As the harnessing of IT technologies becomes an increasingly important part of an organization's digital marketing initiative, the CIO needs to drive the capabilities of its team to ensure development, growth, and long-lasting success. This striking shift in the landscape may mean that jobs will change and new roles will be created, or current jobs will evolve.
When it comes to evolving, IDG Connect outlines a host of predicted job roles across a variety of industries for 2017 and beyond. Due to the ever-tightening integration of IT and digital marketing, a new approach is essential. According to industry experts, roles such as Chief Data Officer (CDO), Digital Training Officer (DTO), Cyber Security Specialist, Talent Director, and B2B Virtual Reality Engineer will prove effective for businesses in the not so distant future.
While these roles are suggested, the point is that as IT progresses and the lines are blurred between information technology and digital, businesses will have to evolve their mindset and organizational structure to thrive, success, and survive.
According to Gartner, IT professionals indicate that their investment priorities, infrastructure changes, skills development and business-IT interactions are in flux and many executives are unsure how their IT organization will make it through any digital transformation.
When it comes to in-house capabilities a KPMG survey found that an alarming 65% of companies believe a lack of talent will prevent them keeping up with the pace of change – 10% up on last year. For CIOs and their departments, the biggest areas of concern in regards to talent are big data and analytics with 40% of IT leaders feeling pressure in this area.
On a global scale the shortage of professionals with digital skills is well known and reported with almost every CEO and CHRO reporting that their companies are not developing skills fast enough. The key to filling these gaps along with retaining the talent your organization already has, is to invest in a learning and development program with the added value of certification that suits the needs of your business and staff to ensure they have the right skills across IT, marketing and customer service to drive the business.
Over the past four years, T-Mobile US has turned itself into the fastest-growing carrier behind T&T and Verizon. Its customer based has more than doubled in this time and their network has significantly expanded. So, how did they achieve this?
One of the drivers for this success was a company-wide approach to digital transformation across all relevant departments IT, marketing, customer service, and sales. For the IT department, their CIO looked at how technology could fit into T-Mobile’s vision and cost-effectiveness goals. Automation played a significant part, with over 83% of test scripts automated to free up time for the company's IT team while consistent and streamlined testing methods boosted efficiency and reduced the possibility of error. In order to facilitate this new way of thinking, T-Mobile hired experts they didn't have in-house for every stage of software development.
As a result, the IT department now works faster and smarter. The rewards of these new processes and hiring in-house talent, positively impacted on marketing and enabled a superior experience for their customers and drove personalization throughto each and every customer through targeted offers and relevant content drawn from high-speed analysis of data.

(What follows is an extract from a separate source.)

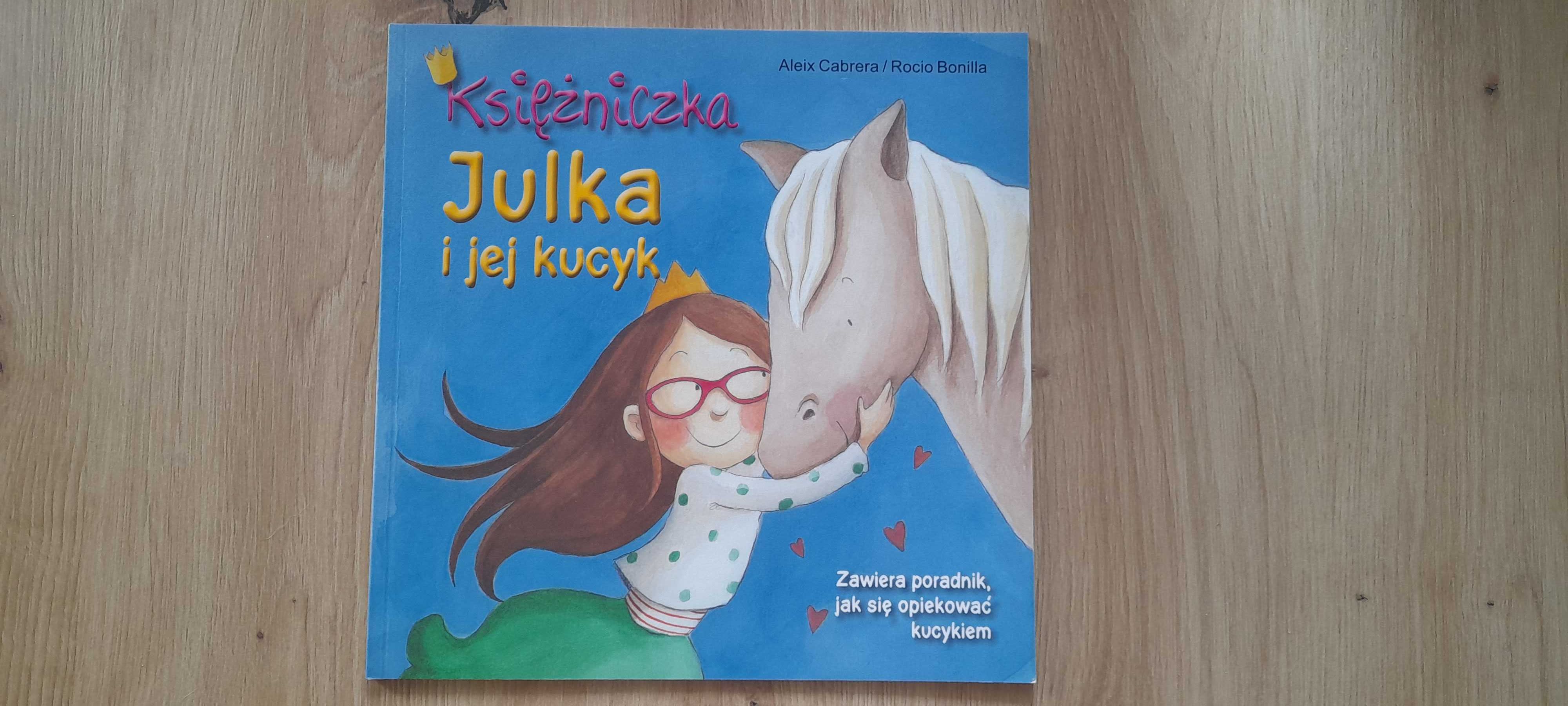 "Księżniczka Julka i jej kucyk" - Aleix Cabrera / Rocio Bonilla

In tandem with this, a new CEO was appointed who set about changing the company's culture. He did this by addressing his 50,000 employees on a personal level, insisting that every time he spoke publicly to the company, all employees would be invited to watch. His goal is to '"Say thank you and help them see that their behavior and work has driven the culture of the company that's changed the industry and the whole world. It's a bit of a love affair."